Acxiom Corporation (the "Corporation), acting pursuant to Sections 245 and 242 of the General Corporation Law of the State of Delaware, hereby adopts the following Amended and Restated Certificate of Incorporation.  The following Amended and Restated Certificate of Incorporation amends, restates, integrates, and supersedes, in its entirety, the Amended and Restated Certificate of Incorporation of Acxiom Corporation originally filed with the Delaware Secretary of State on August 21, 1995.  The original Certificate of Incorporation was incorporated under the name of CCX NETWORK, INC. on September 28, 1983.

FIRST:  NAME.  The name of the Corporation is:

ACXIOM CORPORATION

SECOND:  REGISTERED AGENT AND OFFICE.  The address of the Corporation's registered office in the State of Delaware is Corporation Trust Center, 1209 Orange Street, Wilmington, Delaware 19801, in the County of Newcastle.  The name of the Corporation's registered agent at such address is The Corporation Trust Company.

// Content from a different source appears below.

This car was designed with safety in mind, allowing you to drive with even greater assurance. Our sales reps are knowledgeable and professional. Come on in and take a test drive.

THIRD:  PURPOSES.  The purpose or purposes for which the Corporation is organized are:

(a) To own, operate, sell, lease and otherwise deal in goods and services related to data processing, letter services, electronic computer operations, business machines, forms and procedures; to buy, rent, sell, lease and otherwise deal in computers.

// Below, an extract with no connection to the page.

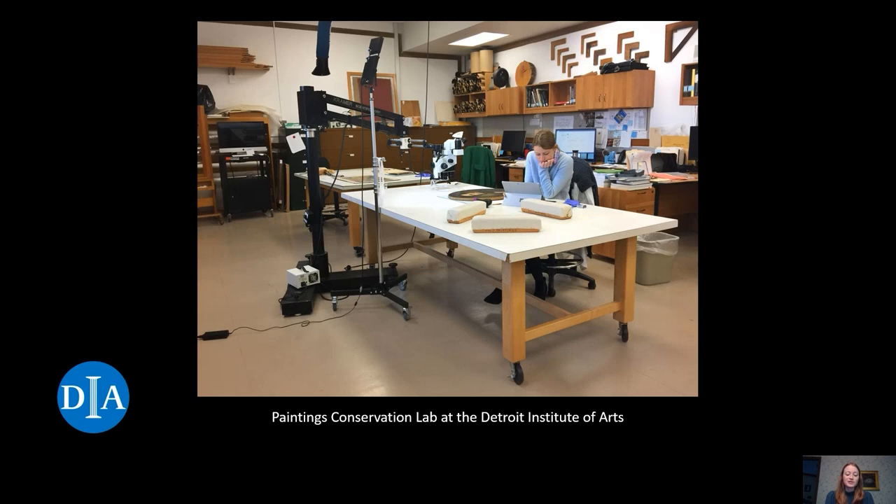Hi, and welcome to Conservator's Corner. This is a video series devoted to exploring the care and research of the Detroit Institute of Arts Collection. I'm Blair Bailey, the Andrew W. Mellon Fellow in Painting Conservation at the DIA.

(b) To borrow money in such amount, for such times and upon such terms and conditions as is deemed wise and expedient; from time to time to draw, make, accept, endorse, discount, execute and issue promissory notes, drafts, bills of exchange, warrants, bonds, debentures and other negotiable and transferable instruments, and evidences, as well as to secure the same by mortgages, pledge, deed of trust, or otherwise.

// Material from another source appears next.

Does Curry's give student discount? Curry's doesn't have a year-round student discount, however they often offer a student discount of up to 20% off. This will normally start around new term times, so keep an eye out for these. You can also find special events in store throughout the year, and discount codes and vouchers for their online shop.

(c) To have one or more offices, to carry on all or any of its operations and business, and without restriction or limit as to amount to purchase or otherwise acquire, hold, own, mortgage, sell, lease, convey or otherwise dispose of real and personal property of every class and description.

(d) To enter into, make and perform contracts of any and every kind with any person, firm, corporation, association, partnership or body politic.


(e) To own, purchase, lease, or otherwise acquire lands and real estate, and to sell and develop lands and real estate, and to equip and operate buildings and structures of every kind and character for the manufacturing, storing and protection of goods and properties of every character and kind.

(f) To conduct, promote or engage in any lawful act or activity for which corporations may be organized under the General Corporation Law of the State of Delaware.

FOURTH:  AUTHORIZED SHARES.  The total number of shares of stock which the Corporation shall have authority to issue is:

Two hundred million (200,000,000) shares of Common Stock, ten cents ($.10) Par Value per common share.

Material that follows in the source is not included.